Add a shock of tanning light and … voilà! She looks just like Barbie. It’s
freaky, though, to watch this woman become increasingly less human the more the
film doctors her image to fit an idea of perfection. Supervenus satirizes our idea of beauty, perverts it, and unmasks
it as the grotesquerie that it is.
Supervenus offers
one of the memorable entries in short competition 5, but he highlight of the
programme is easily the surreal The Obvious Child (Stephen Irwin,
UK). This messed-up bedtime story is, in a way, a love story as one poor widdle
wabbit plays witness to the mess a young girl must clean up after her parents
are brutally murdered. The rabbit, who narrates the tale in dryly halting
voiceover, falls instantly in love with the demon child as she bargains with
the cloud about to get her parents into heaven. Director Stephen Irwin offers a
macabre, almost carnivalesque vision of love and death as The Obvious Child pops vibrant colours into an absurd scenario.
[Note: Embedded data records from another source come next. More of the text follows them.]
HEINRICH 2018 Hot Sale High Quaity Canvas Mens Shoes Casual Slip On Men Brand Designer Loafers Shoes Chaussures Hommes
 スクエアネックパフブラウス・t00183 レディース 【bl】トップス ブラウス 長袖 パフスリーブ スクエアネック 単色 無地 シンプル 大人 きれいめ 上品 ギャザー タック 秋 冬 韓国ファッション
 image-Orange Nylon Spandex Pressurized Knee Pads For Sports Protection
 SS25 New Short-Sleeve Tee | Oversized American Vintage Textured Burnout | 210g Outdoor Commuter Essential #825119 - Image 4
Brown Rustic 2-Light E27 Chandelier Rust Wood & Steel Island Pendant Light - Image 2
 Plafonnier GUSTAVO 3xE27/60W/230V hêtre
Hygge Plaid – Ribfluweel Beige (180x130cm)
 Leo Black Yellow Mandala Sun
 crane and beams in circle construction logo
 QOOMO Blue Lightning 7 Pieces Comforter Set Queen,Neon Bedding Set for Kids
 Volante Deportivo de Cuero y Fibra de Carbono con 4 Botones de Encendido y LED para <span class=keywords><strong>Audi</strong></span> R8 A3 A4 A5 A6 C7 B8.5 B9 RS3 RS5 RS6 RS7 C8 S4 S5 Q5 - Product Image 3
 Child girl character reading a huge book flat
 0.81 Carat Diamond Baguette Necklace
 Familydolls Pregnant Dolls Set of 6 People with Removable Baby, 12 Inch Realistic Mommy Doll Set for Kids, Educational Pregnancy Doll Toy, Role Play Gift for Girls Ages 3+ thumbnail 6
Irwin frames the animation through the lens of an iris and divides it in
chapters, creating an image of innocence recounted through rose coloured
glasses as the submissive bunny recalls love at first sight. The Obvious Child, disturbed and
debauched, is certifiably bonkers, but it joins a rank of shorts at OIAF this
year that shows the best films of the festival take a subversive approach to
cuddly animals. Animation need not be cute nor pander to children: make it bold
and dark like The Obvious Child does.
The juxtaposition of fluffy playtime with a punch in the face makes for a most
memorable film.
Please visit www.animationfestival.ca
for more information on this year’s festival.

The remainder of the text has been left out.